Tuesday, 9 September 2014

Going Through the (Pro)motions

Obligatory accompanying image
Many reams have been used up writing about the various conventions this summer, but it was only as I sat at the BFS awards banquet that I felt inspired to write a post. Peter Newman, who will see his debut novel, The Vagrant released next year mentioned that he’d sat in on a panel I took part in. I had placed a copy of The Boy with the Porcelain Blade in front of me, face out to the audience. It’s something I’d heard American authors do, and I’d seen Django Wexler displaying his novel while moderating at LonCon.

It’s not something we really do at UK conventions, and Peter suggested we need to invite authors to do more of this. I suspect there’s a feeling of embarrassment about promoting one’s own work among us Brits that is absent in the majority of US writers. ‘Making art is all well and good, but marketing? Now, that’s just uncalled for,’ seems to be the unspoken rule.


Panels are rare times when an author has an audience staring at them for an hour or more. This is weird enough without factoring in that said author is required to say interesting things.
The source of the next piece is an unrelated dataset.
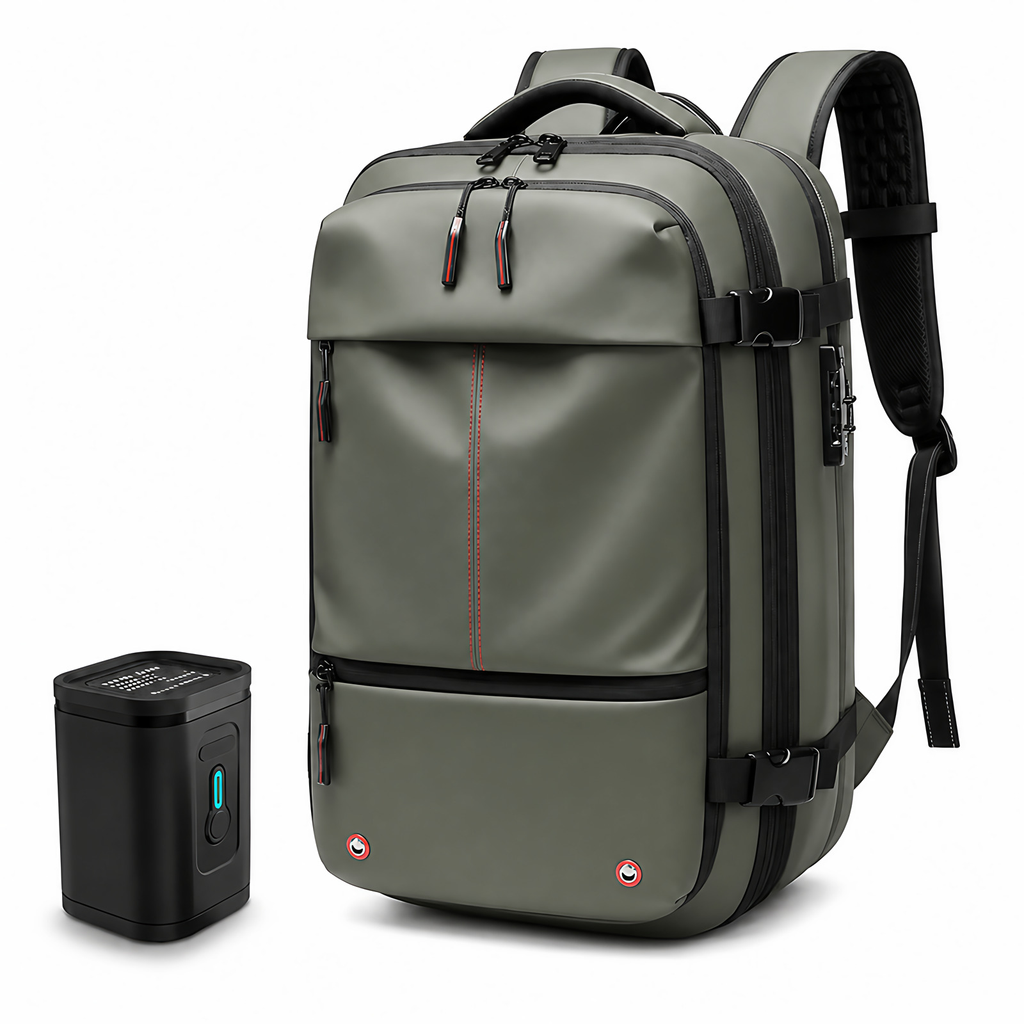 Sac à dos cabine extensible avec compression, cadenas TSA, kaki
Just about every other platform in the world would have a commercial break – television, cinema, radio, Spotify, YouTube, Facebook and so on. Why not panels? A book with a good cover is an advert all by itself. It doesn’t make you wait thirty seconds before seeing the video you selected. A book does not blare out music you don’t care for. A book won’t repeat and repeat and repeat. A book will simply stand on the table and provide shy authors with something to hide behind. And maybe, just maybe, it will pique the audience’s interest enough to buy a copy.